Manhertz also had legitimately great flashes as a run-blocker. While his pass-blocking didn't always match the level of push and drive he was able to get in the running game, Manhertz was a legitimately plus-addition to the run game and his efforts played a big role in James Robinson producing like one of the best running backs in football over the first two months of the season.

Overall, Manhertz provided Trevor Lawrence with a reliable and efficient passing target on limited passing reps and was a quality addition to the blocking system. While this is a niche role, Manhertz at least did well for what the role was. He may not be more than a run-blocking tight end who deserves limited targets, but he wasn't a liability for the Jaguars in either of these senses.

What Went Wrong

While Manhertz was a solid addition as a run-blocker, I struggle to say the same for his ability as a pass-blocker. Manhertz was billed by the Jaguars as an elite blocking tight end who could give them advantages thanks to his ability to block edge defenders and give the Jaguars strong protection on the edge during max protection plays, but he struggled in this area more than many presumed he would. 

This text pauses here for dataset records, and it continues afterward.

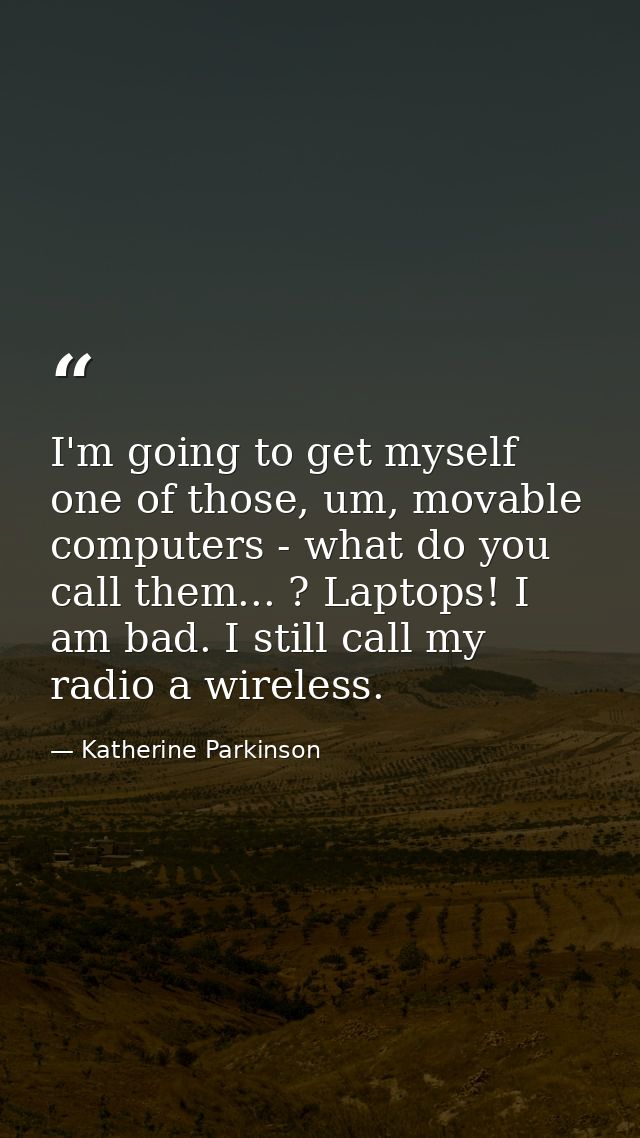 I'm going to get myself one of those, um, movable computers - what do you call them... ? Laptops! I am bad. I still call — Katherine Parkinson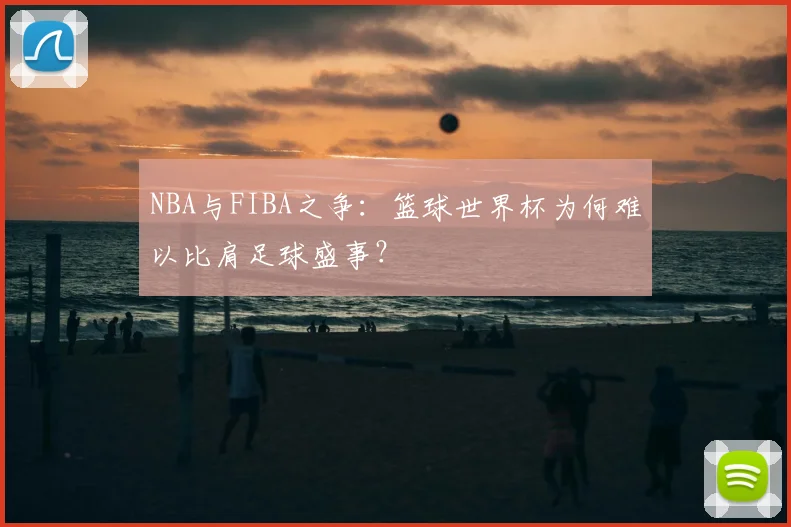 NBA与FIBA之争：篮球世界杯为何难以比肩足球盛事？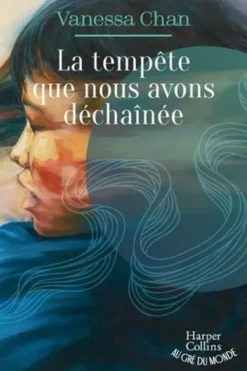 La tempête que nous avons déchaînée, Vanessa Chan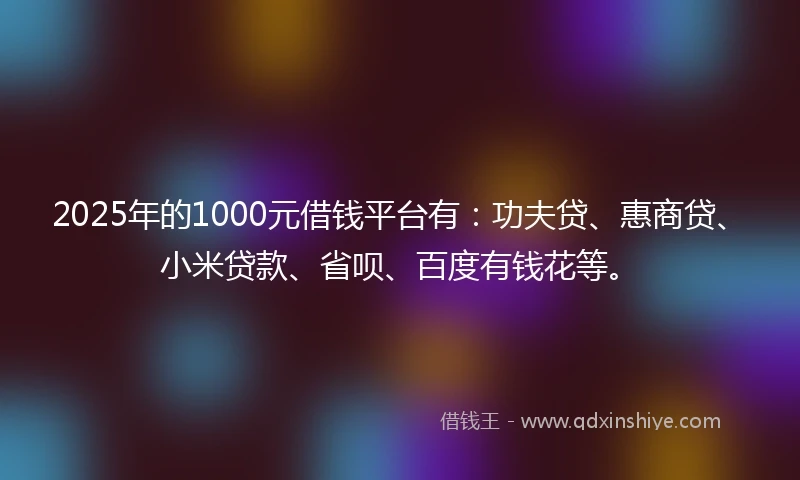 2025年的1000元借钱平台有：功夫贷、惠商贷、小米贷款、省呗、百度有钱花等。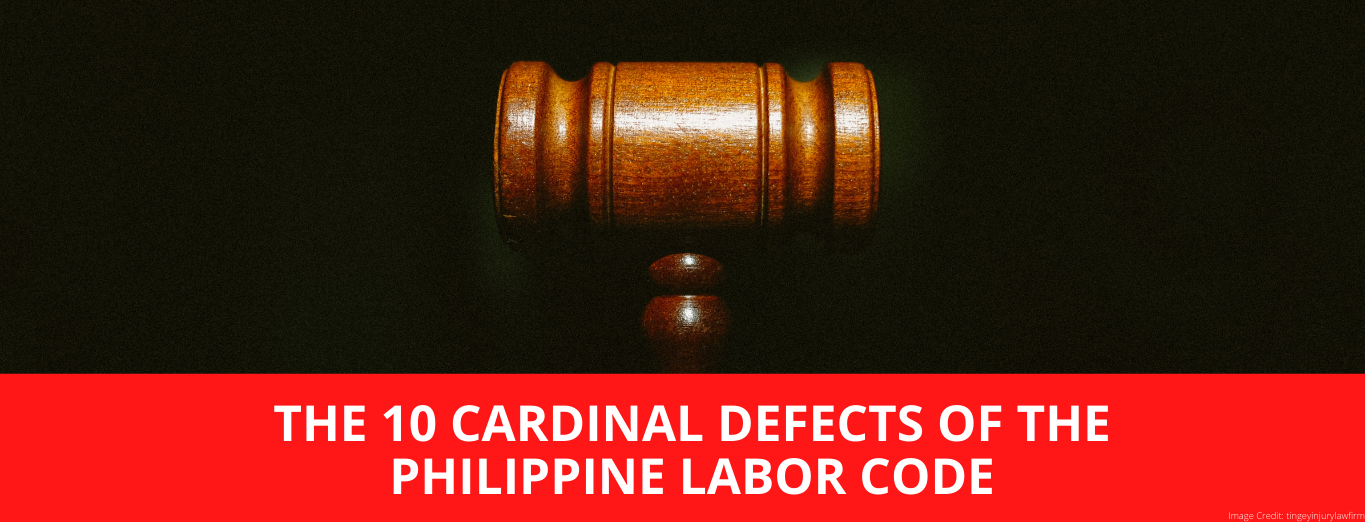 The 10 cardinal defects of the Philippine Labor Code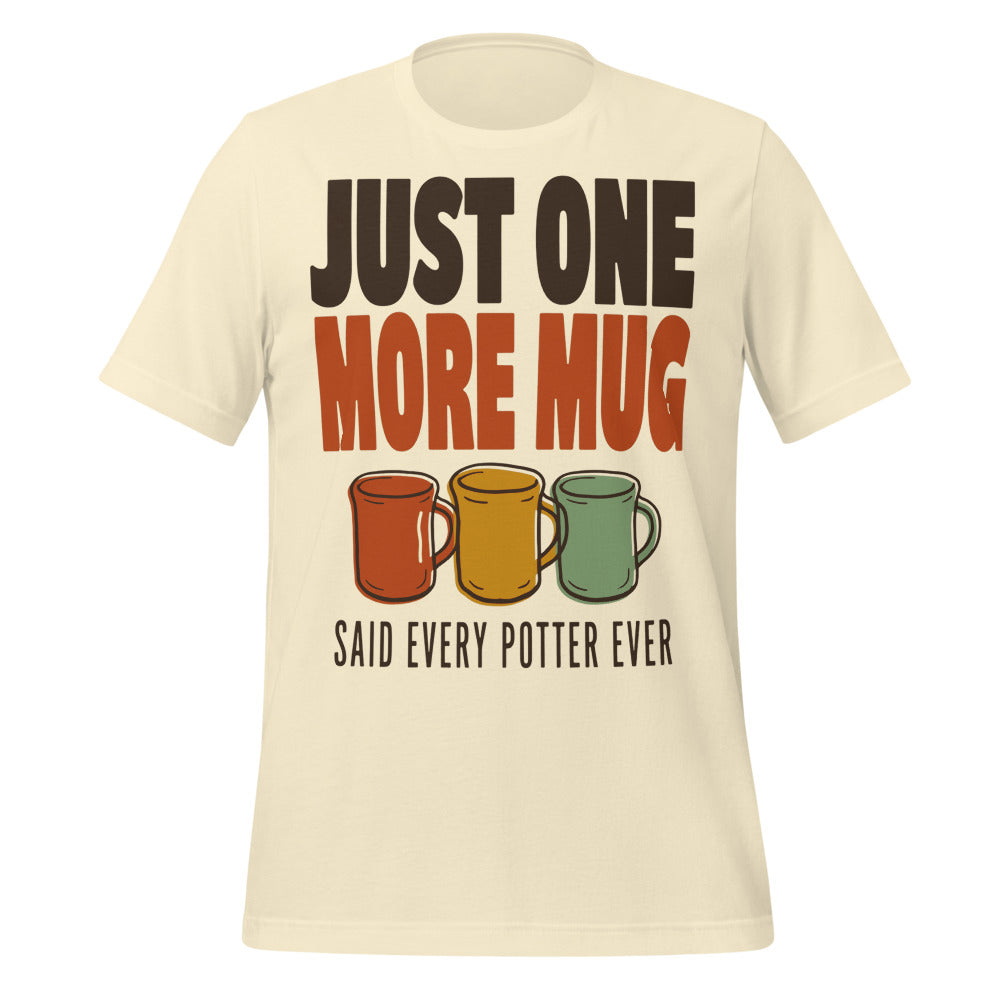 Just One More Mug funny pottery t-shirt — Natural, front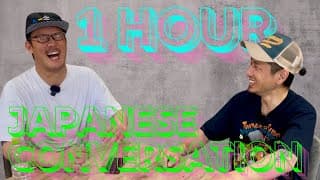 1時間リアル日本語会話 #2|Train your ears with real Japanese conversation!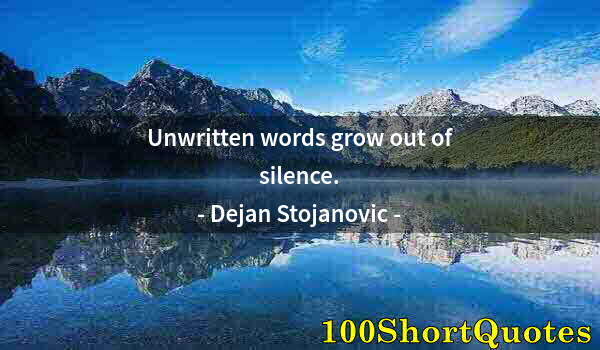 Quote by Albert Einstein: Unwritten words grow out of silence.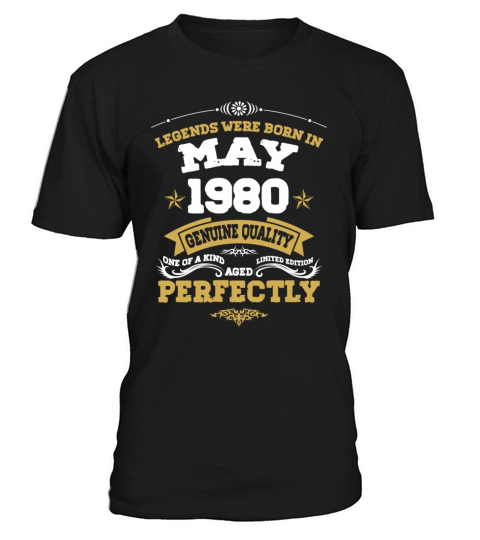 Vintage Aged To Perfection May 1980 T-Shirt Unisex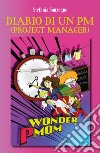 Diario segreto di un PM (Project Manager) libro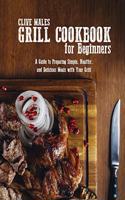 Grill Cookbook For Beginners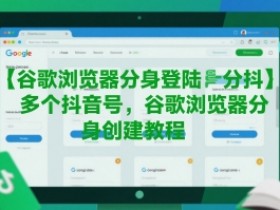谷歌浏览器分身登陆多个抖音号，谷歌浏览器分身创建教程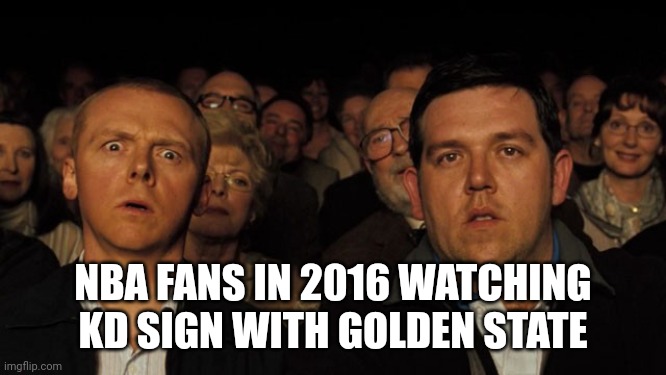 The Moment KD went from the most loved to most hated NBA Player | NBA FANS IN 2016 WATCHING KD SIGN WITH GOLDEN STATE | image tagged in hot fuzz theatre | made w/ Imgflip meme maker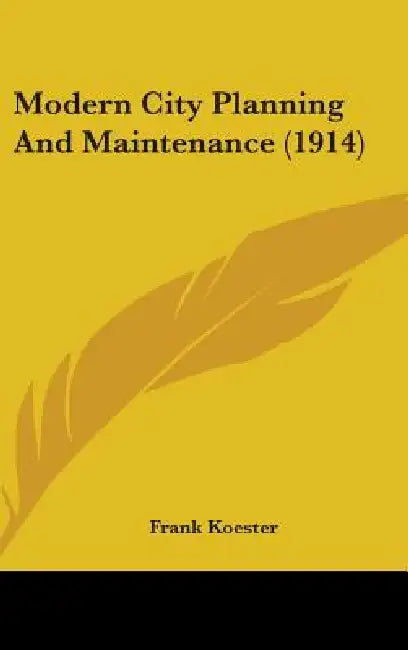 Modern City Planning And Maintenance (1914) by Frank Koester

Per TruMedia and PFF, Manhertz pass-blocked 60 times in 2021 and allowed four pressures and a sack. This is a loss per every 12 pass-blocking reps, which is a bit of a high mark for a tight end who was considered to be a top-tier blocker in all phases. Instances in which Manhertz struggled in this regard include the San Francisco 49ers and Atlanta Falcons games, with him allowing a fumble in the latter on a blown block. 

Manhertz also had a tad of a penalty issue. He was flagged six times in 2021, which was tied for seventh among all tight ends. For a Jaguars offense that frequently shot itself in the foot in 2021, Manhertz had several ill-timed penalties that set the offense back. Only two Jaguars offensive linemen had more penalties than Manhertz last year -- right tackle Jawaan Taylor (12) and left guard Andrew Norwell (nine). Considering Manhertz had significantly fewer reps as a blocker, this is a negative. 

Overall Grade On This Signing: C- 

There is a reason why Manhertz's grade is as high as it is. While his issues with penalties and pass blocking and lack of production as a receiver are all glaring, he wasn't signed to be more than a blocking tight end. He did the most with his limited pass-catching reps, too, so it isn't as if he was given a plethora of targets and failed to do anything with them.

With that said, the aforementioned issues are why his grade is what it is. He wasn't the elite all-around blocker he was paid to be, and six penalties for a tight end who played fewer than 40% of the snaps is a tough pill to swallow.